Tout le monde a beau le considérer comme un salaud, Paolo, lui, s'est toujours vu comme un mec réglo. Ça ne veut pas dire, bien sûr, qu’il n’ait jamais fait de coup bas. Mais il les a toujours perpétrés en toute honnêteté.
Par exemple il n'a jamais caché à Anke qu'il la plaquait parce qu’il avait envie de se taper d’autres nanas. C’était vache, d’accord, mais c’était réglo parce que c’était honnête. Autre exemple plus récent, son coup de maître professionnel: l’éviction de Jim le Néo-Zélandais du poste de directeur de l’institut. Paolo avait toujours dit à Jim qu’il voulait le poste. Pas hargneusement, bien sûr, mais en riant et en lui tapant sur l’épaule autour de quelques bières. C’était peut-être tordu, mais il n’avait rien dissimulé. Ça n’avait pas empêché Jim de faire celui qui tombait des nues quand il avait appris qu'au dernier congrès, Paolo avait séduit Hillary, l'experte américaine, ET June, la fiancée de Jim. Okay, sa stratégie de déstabilisation était discutable, Paolo l’admettait volontiers. Mais c’était réglo parce qu'il avait agi en toute honnêteté.
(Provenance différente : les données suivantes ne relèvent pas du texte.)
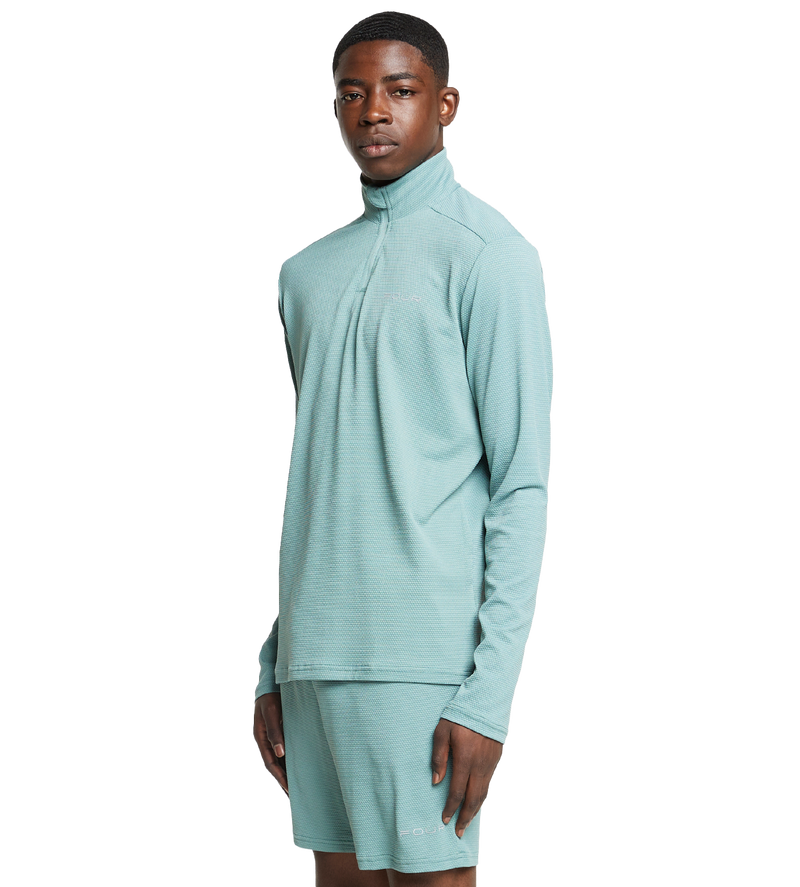 Sportswear Half Zip Trellis Green - XL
«Ça tient pas, ce que tu dis, affirme Sam en vidant sa chope. Tu cherches une excuse pseudo-noble pour te dire que t’es pas un salaud. Alors que t’es un salaud.» «Moi je trouve que ça tient parfaitement», estime Sean. «Forcément, t’es Amércian et t’es un requin, rétorque Sam. Ton avis ne compte pas.» Mais Sean persiste: «En fait, je dirais même que t’es maladivement honnête. Il t’est déjà arrivé de resquiller?» Paolo réfléchit avant de lâcher: «Non, en fait jamais.» «J’en étais sûr!, exulte Sean. Et tu veux que je te dise pourquoi? Parce que ça te fait moins mal de payer ton ticket que d’être incapable de raconter un bobard au contrôleur.» «T’as raison, dit Paolo, stupéfait. C’est exactement ça. Comment t’as fait pour savoir?» «C’est l’avantage d’être Américain, fait Sean. On a chacun son analyste.»